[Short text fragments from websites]
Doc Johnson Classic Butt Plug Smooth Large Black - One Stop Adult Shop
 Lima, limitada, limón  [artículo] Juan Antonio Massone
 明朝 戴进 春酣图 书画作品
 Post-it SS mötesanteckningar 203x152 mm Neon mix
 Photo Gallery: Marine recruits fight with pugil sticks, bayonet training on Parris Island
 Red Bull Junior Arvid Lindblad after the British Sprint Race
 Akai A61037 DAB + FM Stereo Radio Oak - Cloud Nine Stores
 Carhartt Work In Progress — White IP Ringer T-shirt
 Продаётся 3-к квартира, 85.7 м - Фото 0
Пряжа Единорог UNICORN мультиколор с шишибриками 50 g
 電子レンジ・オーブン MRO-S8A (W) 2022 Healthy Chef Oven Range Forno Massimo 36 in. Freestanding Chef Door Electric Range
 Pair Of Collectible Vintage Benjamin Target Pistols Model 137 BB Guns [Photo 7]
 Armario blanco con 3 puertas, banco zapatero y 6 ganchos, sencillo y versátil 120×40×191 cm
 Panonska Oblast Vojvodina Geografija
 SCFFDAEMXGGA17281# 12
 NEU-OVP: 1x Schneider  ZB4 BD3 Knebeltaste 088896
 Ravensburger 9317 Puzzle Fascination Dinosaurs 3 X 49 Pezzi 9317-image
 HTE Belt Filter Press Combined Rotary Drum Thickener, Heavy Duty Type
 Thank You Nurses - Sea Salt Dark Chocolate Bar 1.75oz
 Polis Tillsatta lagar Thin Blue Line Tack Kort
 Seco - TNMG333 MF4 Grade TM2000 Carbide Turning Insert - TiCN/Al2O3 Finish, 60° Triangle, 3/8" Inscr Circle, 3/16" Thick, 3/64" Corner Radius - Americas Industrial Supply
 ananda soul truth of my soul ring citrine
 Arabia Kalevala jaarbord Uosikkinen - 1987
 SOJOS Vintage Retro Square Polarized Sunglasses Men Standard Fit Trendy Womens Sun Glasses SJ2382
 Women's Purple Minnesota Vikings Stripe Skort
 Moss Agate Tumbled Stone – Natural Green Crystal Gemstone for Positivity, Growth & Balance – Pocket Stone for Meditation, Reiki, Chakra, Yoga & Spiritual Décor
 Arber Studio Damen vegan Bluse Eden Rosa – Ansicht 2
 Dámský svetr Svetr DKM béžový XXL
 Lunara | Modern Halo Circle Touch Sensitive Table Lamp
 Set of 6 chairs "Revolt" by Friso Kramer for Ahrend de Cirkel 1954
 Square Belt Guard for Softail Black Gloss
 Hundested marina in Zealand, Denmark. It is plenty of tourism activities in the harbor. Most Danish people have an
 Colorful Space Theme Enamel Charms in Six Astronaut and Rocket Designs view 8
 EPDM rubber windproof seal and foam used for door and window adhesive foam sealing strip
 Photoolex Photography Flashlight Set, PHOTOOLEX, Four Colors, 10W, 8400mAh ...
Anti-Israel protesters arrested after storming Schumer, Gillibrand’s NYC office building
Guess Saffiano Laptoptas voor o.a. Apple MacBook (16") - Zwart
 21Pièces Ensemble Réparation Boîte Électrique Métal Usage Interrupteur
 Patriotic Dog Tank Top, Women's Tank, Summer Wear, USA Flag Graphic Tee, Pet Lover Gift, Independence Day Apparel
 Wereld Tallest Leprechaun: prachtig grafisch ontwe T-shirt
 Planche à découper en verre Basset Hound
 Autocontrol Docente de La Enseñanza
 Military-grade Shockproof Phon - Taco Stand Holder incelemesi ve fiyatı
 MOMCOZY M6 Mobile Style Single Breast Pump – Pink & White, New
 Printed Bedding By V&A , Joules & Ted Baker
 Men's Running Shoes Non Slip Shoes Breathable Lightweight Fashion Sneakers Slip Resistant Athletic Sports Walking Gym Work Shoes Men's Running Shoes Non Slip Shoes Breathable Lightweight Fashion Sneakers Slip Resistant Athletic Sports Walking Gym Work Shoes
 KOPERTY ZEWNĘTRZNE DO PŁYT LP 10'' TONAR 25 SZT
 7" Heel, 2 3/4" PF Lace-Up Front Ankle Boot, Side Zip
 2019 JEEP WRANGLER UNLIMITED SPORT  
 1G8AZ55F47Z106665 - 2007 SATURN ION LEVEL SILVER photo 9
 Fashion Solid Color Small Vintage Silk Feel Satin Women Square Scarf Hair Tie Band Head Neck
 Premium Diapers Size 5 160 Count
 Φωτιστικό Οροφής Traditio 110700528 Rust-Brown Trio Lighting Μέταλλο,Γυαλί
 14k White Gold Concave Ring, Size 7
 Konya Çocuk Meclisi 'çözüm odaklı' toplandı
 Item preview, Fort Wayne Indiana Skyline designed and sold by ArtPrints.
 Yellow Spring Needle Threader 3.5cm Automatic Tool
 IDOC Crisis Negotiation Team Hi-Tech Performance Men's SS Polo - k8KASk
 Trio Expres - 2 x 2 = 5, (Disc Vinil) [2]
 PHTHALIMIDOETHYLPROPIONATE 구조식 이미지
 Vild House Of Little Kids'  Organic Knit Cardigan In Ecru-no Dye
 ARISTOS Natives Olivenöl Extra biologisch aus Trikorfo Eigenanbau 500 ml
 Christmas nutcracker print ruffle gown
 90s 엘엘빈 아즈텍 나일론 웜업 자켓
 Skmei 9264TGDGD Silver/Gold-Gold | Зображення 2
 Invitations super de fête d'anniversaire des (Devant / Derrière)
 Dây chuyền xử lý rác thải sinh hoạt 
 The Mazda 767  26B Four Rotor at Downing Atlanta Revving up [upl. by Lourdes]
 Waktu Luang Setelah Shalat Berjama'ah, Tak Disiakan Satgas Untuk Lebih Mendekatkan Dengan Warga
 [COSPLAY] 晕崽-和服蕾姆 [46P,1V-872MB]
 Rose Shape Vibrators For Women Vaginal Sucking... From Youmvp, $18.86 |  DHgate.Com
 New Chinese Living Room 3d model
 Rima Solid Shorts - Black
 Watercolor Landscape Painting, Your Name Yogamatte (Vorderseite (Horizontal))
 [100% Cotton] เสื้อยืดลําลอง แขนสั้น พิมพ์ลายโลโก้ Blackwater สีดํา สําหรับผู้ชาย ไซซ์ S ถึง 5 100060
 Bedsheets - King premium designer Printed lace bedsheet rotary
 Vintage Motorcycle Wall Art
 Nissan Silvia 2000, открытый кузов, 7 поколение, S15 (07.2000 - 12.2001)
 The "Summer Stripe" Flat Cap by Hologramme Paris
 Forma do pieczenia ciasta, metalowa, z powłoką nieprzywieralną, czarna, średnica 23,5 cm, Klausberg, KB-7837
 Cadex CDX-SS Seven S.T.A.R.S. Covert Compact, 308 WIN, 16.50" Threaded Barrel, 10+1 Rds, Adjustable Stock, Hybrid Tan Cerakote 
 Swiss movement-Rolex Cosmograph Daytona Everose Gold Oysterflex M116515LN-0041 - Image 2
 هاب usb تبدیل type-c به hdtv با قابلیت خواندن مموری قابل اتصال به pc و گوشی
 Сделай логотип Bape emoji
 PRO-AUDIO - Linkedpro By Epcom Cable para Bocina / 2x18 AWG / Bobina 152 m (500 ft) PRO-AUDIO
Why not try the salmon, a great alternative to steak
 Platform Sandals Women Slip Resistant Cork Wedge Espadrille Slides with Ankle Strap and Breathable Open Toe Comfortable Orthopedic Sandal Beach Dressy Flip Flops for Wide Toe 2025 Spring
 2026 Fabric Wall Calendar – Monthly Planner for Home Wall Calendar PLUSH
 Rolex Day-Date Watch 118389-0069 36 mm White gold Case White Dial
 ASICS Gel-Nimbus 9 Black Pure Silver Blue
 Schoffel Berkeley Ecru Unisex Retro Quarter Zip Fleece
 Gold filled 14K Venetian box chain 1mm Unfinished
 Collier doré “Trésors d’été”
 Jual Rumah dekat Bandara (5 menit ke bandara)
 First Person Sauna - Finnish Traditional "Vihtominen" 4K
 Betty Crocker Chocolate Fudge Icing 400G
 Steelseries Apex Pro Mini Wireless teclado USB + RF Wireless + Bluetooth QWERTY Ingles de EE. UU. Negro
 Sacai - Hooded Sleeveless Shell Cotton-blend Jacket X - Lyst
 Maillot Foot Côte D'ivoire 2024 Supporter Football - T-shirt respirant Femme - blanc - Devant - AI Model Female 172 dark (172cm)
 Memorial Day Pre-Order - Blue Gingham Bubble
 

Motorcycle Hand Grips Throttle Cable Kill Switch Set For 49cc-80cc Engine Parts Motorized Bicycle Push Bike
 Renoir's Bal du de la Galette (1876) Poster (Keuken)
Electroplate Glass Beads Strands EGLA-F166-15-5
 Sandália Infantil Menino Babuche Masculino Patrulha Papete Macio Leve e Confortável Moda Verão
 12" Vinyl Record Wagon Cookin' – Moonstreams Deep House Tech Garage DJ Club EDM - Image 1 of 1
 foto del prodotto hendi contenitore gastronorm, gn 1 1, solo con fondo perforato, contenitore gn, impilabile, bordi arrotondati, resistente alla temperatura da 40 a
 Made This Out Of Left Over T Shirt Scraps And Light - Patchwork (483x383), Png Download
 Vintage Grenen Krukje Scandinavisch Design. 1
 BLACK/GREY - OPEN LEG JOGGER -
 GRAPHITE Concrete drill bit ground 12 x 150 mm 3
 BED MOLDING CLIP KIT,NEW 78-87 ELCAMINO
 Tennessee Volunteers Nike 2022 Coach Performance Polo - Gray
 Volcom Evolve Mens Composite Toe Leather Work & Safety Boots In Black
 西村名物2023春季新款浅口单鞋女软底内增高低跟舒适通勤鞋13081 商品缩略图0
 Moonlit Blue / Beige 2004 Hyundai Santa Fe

- [About this exercise]: From the entries above, extract only the lines running from the one containing "2019 JEEP WRANGLER UNLIMITED SPORT" through the one containing "ARISTOS Natives Olivenöl", inclusive.

- [Finished exercise]:
 2019 JEEP WRANGLER UNLIMITED SPORT  
 1G8AZ55F47Z106665 - 2007 SATURN ION LEVEL SILVER photo 9
 Fashion Solid Color Small Vintage Silk Feel Satin Women Square Scarf Hair Tie Band Head Neck
 Premium Diapers Size 5 160 Count
 Φωτιστικό Οροφής Traditio 110700528 Rust-Brown Trio Lighting Μέταλλο,Γυαλί
 14k White Gold Concave Ring, Size 7
 Konya Çocuk Meclisi 'çözüm odaklı' toplandı
 Item preview, Fort Wayne Indiana Skyline designed and sold by ArtPrints.
 Yellow Spring Needle Threader 3.5cm Automatic Tool
 IDOC Crisis Negotiation Team Hi-Tech Performance Men's SS Polo - k8KASk
 Trio Expres - 2 x 2 = 5, (Disc Vinil) [2]
 PHTHALIMIDOETHYLPROPIONATE 구조식 이미지
 Vild House Of Little Kids'  Organic Knit Cardigan In Ecru-no Dye
 ARISTOS Natives Olivenöl Extra biologisch aus Trikorfo Eigenanbau 500 ml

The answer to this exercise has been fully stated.